Each line below should be repeated exactly, but no picture should be carried over.

# DATASET EXCERPT
BEGIN

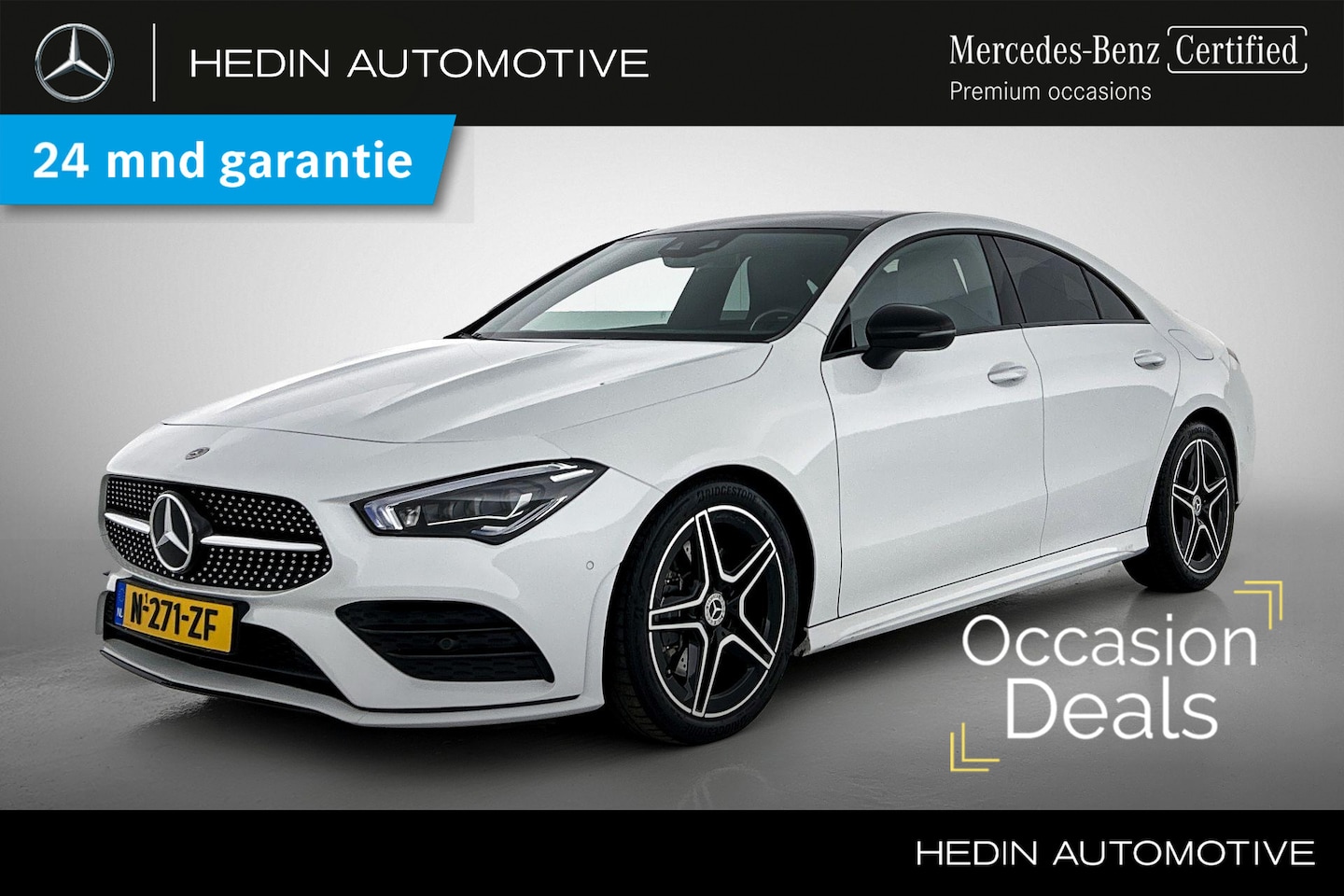 Mercedes-Benz CLA-Klasse - CLA 200 Coupé Automaat Business Solution AMG | Nightpakket | Panoramadak | Sfeerverlichtin - AutoWereld.nl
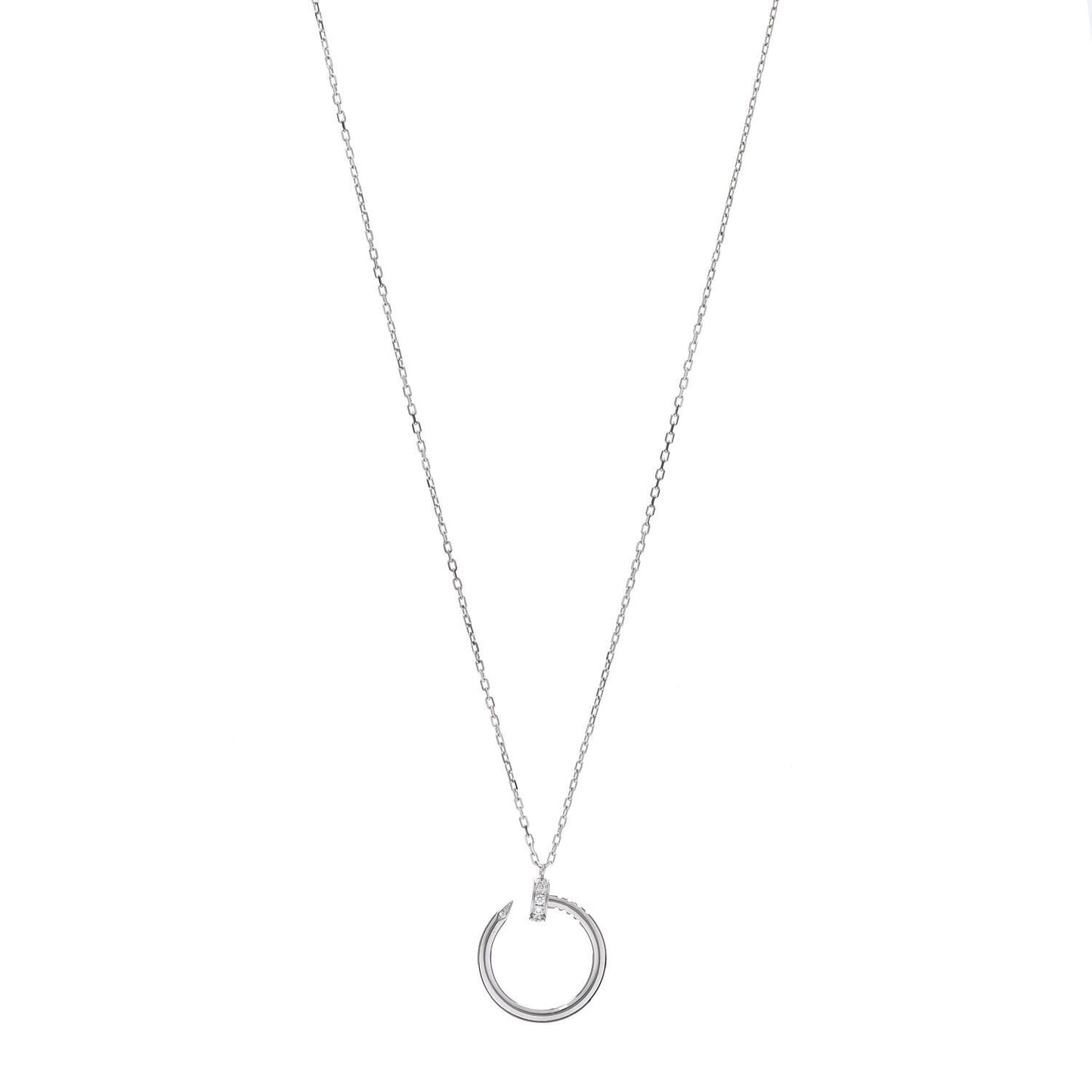 18K White Gold Diamond Juste Un Clou Necklace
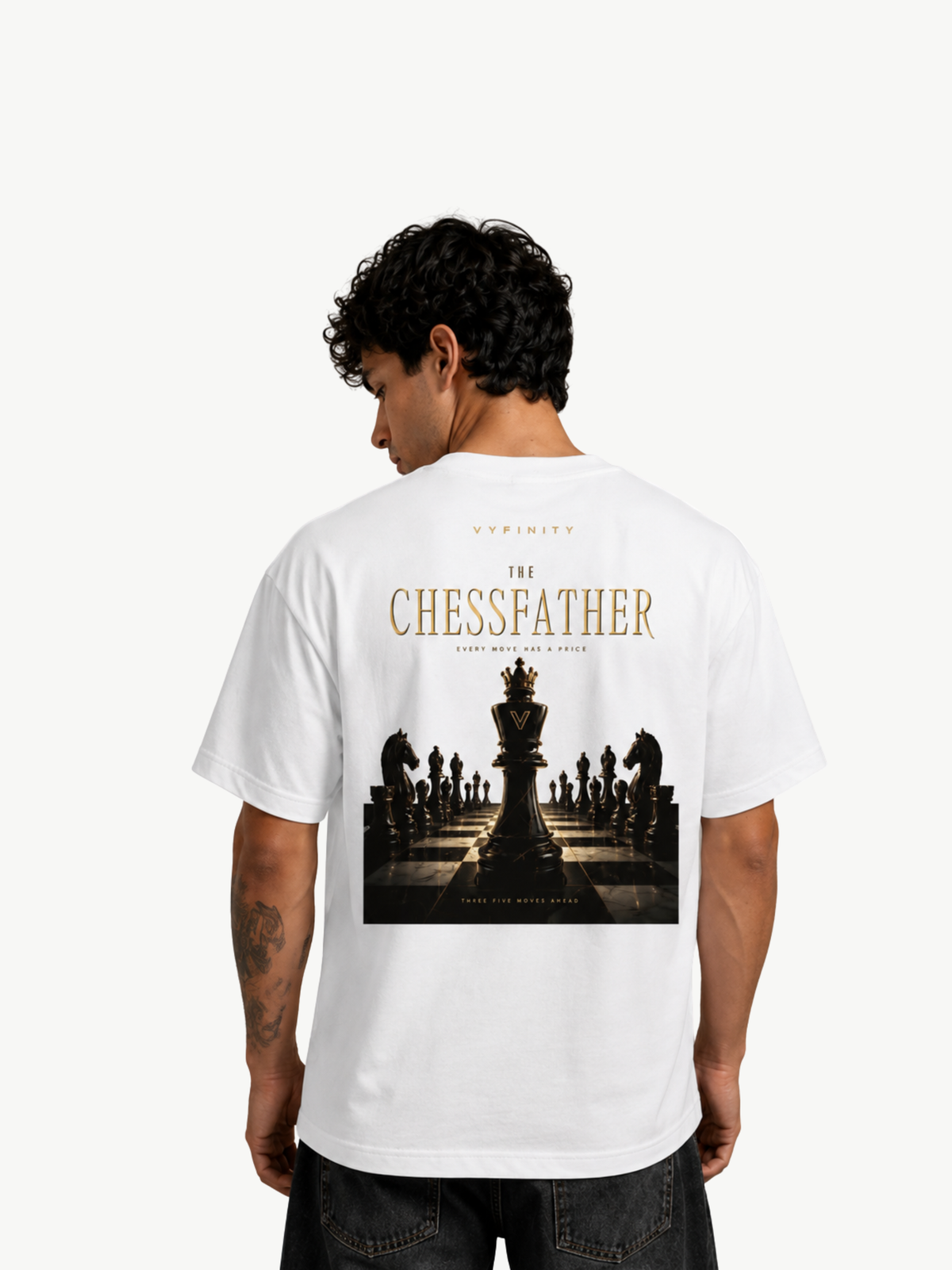 THE CHESSFATHER – Premium Heavy Chess T-Shirt | VYFINITY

END

# WRITTEN ANSWER
 Mercedes-Benz CLA-Klasse - CLA 200 Coupé Automaat Business Solution AMG | Nightpakket | Panoramadak | Sfeerverlichtin - AutoWereld.nl
 18K White Gold Diamond Juste Un Clou Necklace
 THE CHESSFATHER – Premium Heavy Chess T-Shirt | VYFINITY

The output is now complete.